A large picture of a familiar, hook-nosed, black-haired man stared up at them all, beneath a headline that read:

SEVERUS SNAPE CONFIRMED AS HOGWARTS HEADMASTER

“No!” said Ron and Hermione loudly.

Hermione was quickest; she snatched up the newspaper and began to read the accompanying story out loud.

“‘Severus Snape, long-standing Potions master at Hogwarts School of Witchcraft and Wizardry, was today appointed headmaster in the most important of several staffing changes at the ancient school. Following the resignation of the previous Muggle Studies teacher, Alecto Carrow will take over the post while her brother, Amycus, fills the position of Defense Against the Dark Arts professor.

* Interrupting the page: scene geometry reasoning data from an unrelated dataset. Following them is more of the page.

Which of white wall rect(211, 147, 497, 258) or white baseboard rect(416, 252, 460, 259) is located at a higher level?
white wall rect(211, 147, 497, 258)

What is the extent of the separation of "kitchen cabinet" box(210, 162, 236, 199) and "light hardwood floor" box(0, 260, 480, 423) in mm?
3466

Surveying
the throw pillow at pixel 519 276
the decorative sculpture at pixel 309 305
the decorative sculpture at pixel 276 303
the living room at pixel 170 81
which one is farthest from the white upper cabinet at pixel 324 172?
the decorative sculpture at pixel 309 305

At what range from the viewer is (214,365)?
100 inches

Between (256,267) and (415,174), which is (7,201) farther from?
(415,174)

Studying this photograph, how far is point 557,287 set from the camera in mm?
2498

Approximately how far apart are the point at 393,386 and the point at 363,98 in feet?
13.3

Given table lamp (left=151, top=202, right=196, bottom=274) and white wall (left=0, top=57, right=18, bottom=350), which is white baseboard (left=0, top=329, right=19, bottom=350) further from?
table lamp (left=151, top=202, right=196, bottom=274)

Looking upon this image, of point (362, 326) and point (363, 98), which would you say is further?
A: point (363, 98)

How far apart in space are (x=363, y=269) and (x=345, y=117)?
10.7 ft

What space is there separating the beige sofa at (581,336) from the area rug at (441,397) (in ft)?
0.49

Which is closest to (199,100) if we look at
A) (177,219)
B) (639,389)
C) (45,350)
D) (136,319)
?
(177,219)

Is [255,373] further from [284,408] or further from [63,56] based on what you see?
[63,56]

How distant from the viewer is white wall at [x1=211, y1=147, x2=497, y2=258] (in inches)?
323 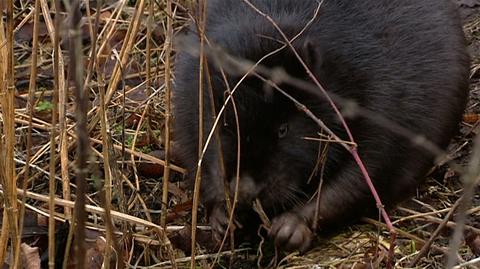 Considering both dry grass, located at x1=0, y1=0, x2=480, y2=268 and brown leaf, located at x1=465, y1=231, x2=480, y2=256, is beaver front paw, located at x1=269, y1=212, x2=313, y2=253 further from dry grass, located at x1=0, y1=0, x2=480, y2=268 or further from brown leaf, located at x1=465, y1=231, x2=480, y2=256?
brown leaf, located at x1=465, y1=231, x2=480, y2=256

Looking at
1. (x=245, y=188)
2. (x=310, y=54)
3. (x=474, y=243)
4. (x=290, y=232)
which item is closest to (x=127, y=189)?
(x=290, y=232)

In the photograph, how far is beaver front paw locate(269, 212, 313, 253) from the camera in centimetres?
355

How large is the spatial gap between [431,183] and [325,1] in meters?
0.90

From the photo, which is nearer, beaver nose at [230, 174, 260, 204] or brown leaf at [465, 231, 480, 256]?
beaver nose at [230, 174, 260, 204]

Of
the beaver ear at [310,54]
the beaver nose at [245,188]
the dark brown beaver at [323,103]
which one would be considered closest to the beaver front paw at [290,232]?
the dark brown beaver at [323,103]

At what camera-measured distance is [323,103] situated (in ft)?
11.2

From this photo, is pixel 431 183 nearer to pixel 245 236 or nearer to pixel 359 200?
pixel 359 200

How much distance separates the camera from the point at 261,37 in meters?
3.38

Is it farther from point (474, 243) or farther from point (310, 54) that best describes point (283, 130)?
point (474, 243)

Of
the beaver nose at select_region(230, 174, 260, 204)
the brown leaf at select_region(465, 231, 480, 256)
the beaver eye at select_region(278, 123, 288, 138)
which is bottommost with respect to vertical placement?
the brown leaf at select_region(465, 231, 480, 256)

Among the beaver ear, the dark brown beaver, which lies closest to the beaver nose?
the dark brown beaver

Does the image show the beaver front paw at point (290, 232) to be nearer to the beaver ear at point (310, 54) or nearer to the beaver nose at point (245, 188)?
the beaver nose at point (245, 188)

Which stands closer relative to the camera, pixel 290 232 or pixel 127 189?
pixel 290 232

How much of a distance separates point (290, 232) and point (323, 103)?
1.54 feet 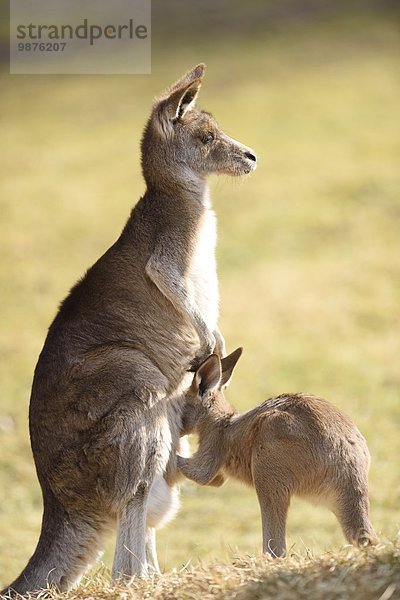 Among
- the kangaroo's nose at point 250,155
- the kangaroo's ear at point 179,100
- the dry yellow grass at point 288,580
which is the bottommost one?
the dry yellow grass at point 288,580

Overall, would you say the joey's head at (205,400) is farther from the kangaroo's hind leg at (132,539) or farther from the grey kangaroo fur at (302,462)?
the kangaroo's hind leg at (132,539)

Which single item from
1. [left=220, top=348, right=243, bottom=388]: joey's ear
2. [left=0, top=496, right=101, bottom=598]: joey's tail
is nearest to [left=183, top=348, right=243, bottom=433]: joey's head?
[left=220, top=348, right=243, bottom=388]: joey's ear

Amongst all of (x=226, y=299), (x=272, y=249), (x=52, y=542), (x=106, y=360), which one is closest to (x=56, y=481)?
(x=52, y=542)

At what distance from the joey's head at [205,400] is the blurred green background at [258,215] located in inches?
31.2

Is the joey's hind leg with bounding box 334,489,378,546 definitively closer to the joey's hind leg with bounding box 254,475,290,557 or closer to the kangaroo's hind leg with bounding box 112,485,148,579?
the joey's hind leg with bounding box 254,475,290,557

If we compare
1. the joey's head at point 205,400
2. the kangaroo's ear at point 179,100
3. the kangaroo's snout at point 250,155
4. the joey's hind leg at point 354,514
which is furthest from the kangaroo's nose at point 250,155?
the joey's hind leg at point 354,514

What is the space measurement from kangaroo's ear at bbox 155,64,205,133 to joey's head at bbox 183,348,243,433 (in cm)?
159

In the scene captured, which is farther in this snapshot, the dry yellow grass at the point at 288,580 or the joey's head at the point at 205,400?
the joey's head at the point at 205,400

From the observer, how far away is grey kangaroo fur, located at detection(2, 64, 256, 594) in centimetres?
579

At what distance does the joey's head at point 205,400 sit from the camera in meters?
6.40

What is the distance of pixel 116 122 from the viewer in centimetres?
2778

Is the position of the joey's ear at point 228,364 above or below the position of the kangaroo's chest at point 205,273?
below

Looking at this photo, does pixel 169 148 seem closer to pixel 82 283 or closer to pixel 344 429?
pixel 82 283

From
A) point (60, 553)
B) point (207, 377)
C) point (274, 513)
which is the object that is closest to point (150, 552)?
point (60, 553) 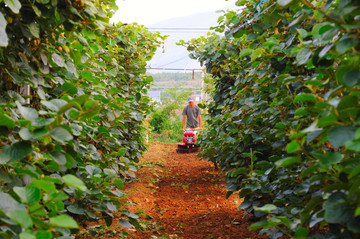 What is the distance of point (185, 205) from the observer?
4.43 metres

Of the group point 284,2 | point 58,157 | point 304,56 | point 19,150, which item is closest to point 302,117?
point 304,56

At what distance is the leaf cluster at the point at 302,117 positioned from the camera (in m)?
0.87

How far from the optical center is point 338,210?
0.87 metres

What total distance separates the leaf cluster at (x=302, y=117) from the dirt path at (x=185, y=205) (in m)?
0.59

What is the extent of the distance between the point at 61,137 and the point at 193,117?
9542mm

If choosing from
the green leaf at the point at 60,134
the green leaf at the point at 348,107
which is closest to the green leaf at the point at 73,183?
the green leaf at the point at 60,134

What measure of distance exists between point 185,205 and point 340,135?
3.83 meters

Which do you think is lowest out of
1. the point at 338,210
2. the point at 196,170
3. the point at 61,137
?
the point at 196,170

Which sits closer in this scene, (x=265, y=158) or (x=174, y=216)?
(x=265, y=158)

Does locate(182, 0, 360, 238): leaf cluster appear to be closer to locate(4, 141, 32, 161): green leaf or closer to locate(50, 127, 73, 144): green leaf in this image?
locate(50, 127, 73, 144): green leaf

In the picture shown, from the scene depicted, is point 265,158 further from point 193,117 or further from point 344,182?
point 193,117

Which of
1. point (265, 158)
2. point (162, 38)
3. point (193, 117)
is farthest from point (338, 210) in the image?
point (193, 117)

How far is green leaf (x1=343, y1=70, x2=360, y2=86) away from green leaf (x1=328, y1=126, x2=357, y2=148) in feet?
0.42

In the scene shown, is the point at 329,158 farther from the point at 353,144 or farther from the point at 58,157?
the point at 58,157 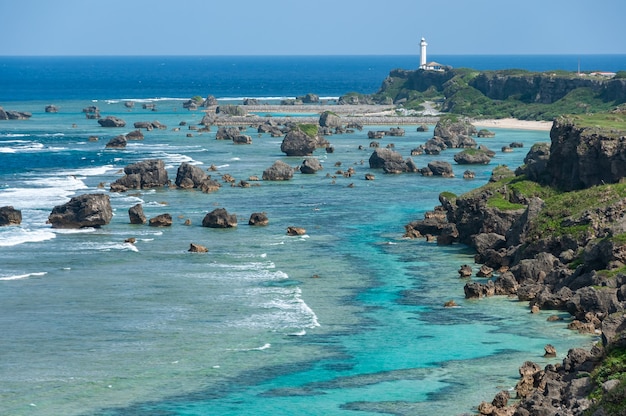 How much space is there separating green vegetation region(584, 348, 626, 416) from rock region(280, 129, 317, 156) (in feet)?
356

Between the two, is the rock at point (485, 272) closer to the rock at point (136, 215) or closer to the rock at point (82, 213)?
the rock at point (136, 215)

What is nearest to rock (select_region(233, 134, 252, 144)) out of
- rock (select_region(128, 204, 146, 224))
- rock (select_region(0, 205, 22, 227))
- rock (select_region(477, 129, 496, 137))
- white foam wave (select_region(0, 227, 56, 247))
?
rock (select_region(477, 129, 496, 137))

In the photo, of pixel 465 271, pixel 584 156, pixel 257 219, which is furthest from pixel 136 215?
pixel 584 156

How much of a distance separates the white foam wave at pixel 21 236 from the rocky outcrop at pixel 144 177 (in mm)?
25284

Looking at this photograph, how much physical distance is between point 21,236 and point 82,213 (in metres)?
5.48

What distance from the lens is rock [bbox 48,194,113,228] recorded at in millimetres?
92438

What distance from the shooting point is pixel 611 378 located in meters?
42.0

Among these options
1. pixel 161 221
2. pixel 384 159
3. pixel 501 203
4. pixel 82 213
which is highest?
pixel 501 203

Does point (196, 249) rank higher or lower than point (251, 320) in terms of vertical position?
higher

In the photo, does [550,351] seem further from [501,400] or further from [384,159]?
[384,159]

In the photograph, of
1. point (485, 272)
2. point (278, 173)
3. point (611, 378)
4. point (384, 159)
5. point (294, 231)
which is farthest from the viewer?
point (384, 159)

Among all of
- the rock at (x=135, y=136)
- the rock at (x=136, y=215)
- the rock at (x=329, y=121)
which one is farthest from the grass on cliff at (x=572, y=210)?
the rock at (x=329, y=121)

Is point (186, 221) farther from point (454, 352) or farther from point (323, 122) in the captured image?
point (323, 122)

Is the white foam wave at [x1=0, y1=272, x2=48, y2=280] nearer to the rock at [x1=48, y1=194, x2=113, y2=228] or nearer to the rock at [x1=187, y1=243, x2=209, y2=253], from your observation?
the rock at [x1=187, y1=243, x2=209, y2=253] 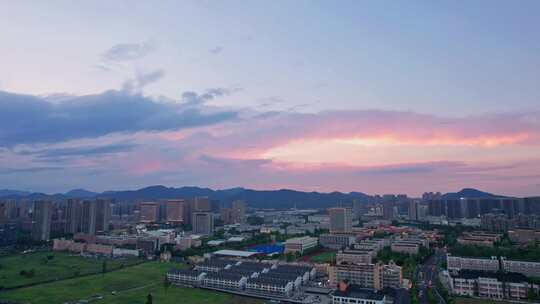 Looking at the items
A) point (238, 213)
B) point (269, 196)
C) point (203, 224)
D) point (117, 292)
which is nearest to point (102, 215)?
point (203, 224)

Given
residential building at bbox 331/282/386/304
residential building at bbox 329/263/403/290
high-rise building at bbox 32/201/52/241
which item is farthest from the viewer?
high-rise building at bbox 32/201/52/241

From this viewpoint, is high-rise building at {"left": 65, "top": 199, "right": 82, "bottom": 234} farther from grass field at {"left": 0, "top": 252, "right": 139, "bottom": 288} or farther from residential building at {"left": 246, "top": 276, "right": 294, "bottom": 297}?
residential building at {"left": 246, "top": 276, "right": 294, "bottom": 297}

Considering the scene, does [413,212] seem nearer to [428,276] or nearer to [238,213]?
[238,213]

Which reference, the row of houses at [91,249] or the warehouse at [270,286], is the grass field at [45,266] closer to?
the row of houses at [91,249]

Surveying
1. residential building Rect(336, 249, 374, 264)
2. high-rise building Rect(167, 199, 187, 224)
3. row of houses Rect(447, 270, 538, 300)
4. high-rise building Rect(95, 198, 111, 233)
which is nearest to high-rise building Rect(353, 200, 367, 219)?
high-rise building Rect(167, 199, 187, 224)

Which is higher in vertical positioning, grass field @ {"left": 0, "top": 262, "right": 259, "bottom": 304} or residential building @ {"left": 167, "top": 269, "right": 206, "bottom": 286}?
residential building @ {"left": 167, "top": 269, "right": 206, "bottom": 286} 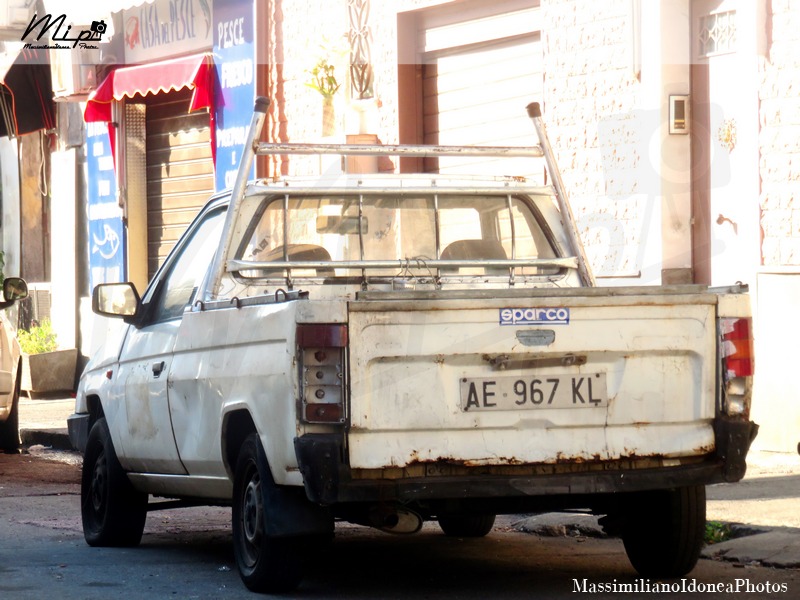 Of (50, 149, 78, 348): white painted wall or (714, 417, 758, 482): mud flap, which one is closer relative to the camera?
(714, 417, 758, 482): mud flap

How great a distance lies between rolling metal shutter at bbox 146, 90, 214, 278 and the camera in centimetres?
1844

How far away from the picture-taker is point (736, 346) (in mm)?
6043

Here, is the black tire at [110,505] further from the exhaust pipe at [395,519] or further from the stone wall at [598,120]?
the stone wall at [598,120]

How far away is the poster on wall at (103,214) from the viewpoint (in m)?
19.8

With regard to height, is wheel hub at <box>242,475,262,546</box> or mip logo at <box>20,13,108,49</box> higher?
mip logo at <box>20,13,108,49</box>

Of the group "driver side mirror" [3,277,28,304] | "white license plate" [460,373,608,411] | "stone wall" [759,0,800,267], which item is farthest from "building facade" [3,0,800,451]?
"white license plate" [460,373,608,411]

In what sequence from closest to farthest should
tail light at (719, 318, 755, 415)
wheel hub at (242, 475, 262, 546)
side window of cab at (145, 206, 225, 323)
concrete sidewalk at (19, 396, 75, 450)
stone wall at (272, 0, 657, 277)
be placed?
tail light at (719, 318, 755, 415), wheel hub at (242, 475, 262, 546), side window of cab at (145, 206, 225, 323), stone wall at (272, 0, 657, 277), concrete sidewalk at (19, 396, 75, 450)

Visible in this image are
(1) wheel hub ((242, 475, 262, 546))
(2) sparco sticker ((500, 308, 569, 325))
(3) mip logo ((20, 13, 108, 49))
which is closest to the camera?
(2) sparco sticker ((500, 308, 569, 325))

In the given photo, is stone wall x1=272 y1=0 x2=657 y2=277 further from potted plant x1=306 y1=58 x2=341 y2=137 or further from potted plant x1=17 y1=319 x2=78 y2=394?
potted plant x1=17 y1=319 x2=78 y2=394

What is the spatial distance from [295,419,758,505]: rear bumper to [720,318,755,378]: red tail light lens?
20 cm

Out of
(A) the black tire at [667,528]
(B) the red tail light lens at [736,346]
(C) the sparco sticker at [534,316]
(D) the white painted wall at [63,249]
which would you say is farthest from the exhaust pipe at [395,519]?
(D) the white painted wall at [63,249]

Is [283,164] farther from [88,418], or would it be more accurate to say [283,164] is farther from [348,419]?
[348,419]

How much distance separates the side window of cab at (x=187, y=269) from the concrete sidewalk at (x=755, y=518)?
2.29m

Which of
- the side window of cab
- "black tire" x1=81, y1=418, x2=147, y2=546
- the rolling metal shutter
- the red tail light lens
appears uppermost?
the rolling metal shutter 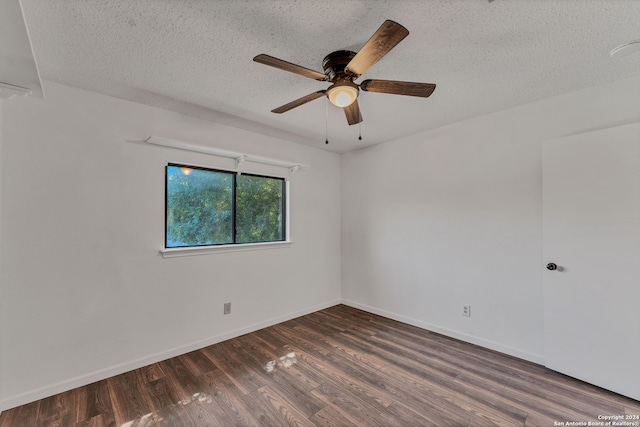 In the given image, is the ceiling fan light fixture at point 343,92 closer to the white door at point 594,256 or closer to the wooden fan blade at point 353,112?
Answer: the wooden fan blade at point 353,112

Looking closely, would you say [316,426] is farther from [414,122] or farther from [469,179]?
[414,122]

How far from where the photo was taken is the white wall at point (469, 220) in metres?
2.45

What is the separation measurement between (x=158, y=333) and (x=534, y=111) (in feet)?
13.4

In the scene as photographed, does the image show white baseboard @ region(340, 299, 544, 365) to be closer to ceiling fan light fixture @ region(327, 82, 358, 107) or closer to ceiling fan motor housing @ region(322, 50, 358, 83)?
ceiling fan light fixture @ region(327, 82, 358, 107)

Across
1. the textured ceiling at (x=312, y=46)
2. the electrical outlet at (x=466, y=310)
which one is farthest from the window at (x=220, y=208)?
the electrical outlet at (x=466, y=310)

“‘I welcome the opportunity to uphold our finest Wizarding traditions and values—’ Like committing murder and cutting off people’s ears, I suppose! Snape, headmaster! Snape in Dumbledore’s study—Merlin’s pants!” she shrieked, making both Harry and Ron jump. She leapt up from the table and hurtled from the room, shouting as she went, “I’ll be back in a minute!”

“‘Merlin’s pants’?” repeated Ron, looking amused. “She must be upset.” He pulled the newspaper toward him and perused the article about Snape.

“The other teachers won’t stand for this, McGonagall and Flitwick and Sprout all know the truth, they know how Dumbledore died. They won’t accept Snape as headmaster. And who are these Carrows?”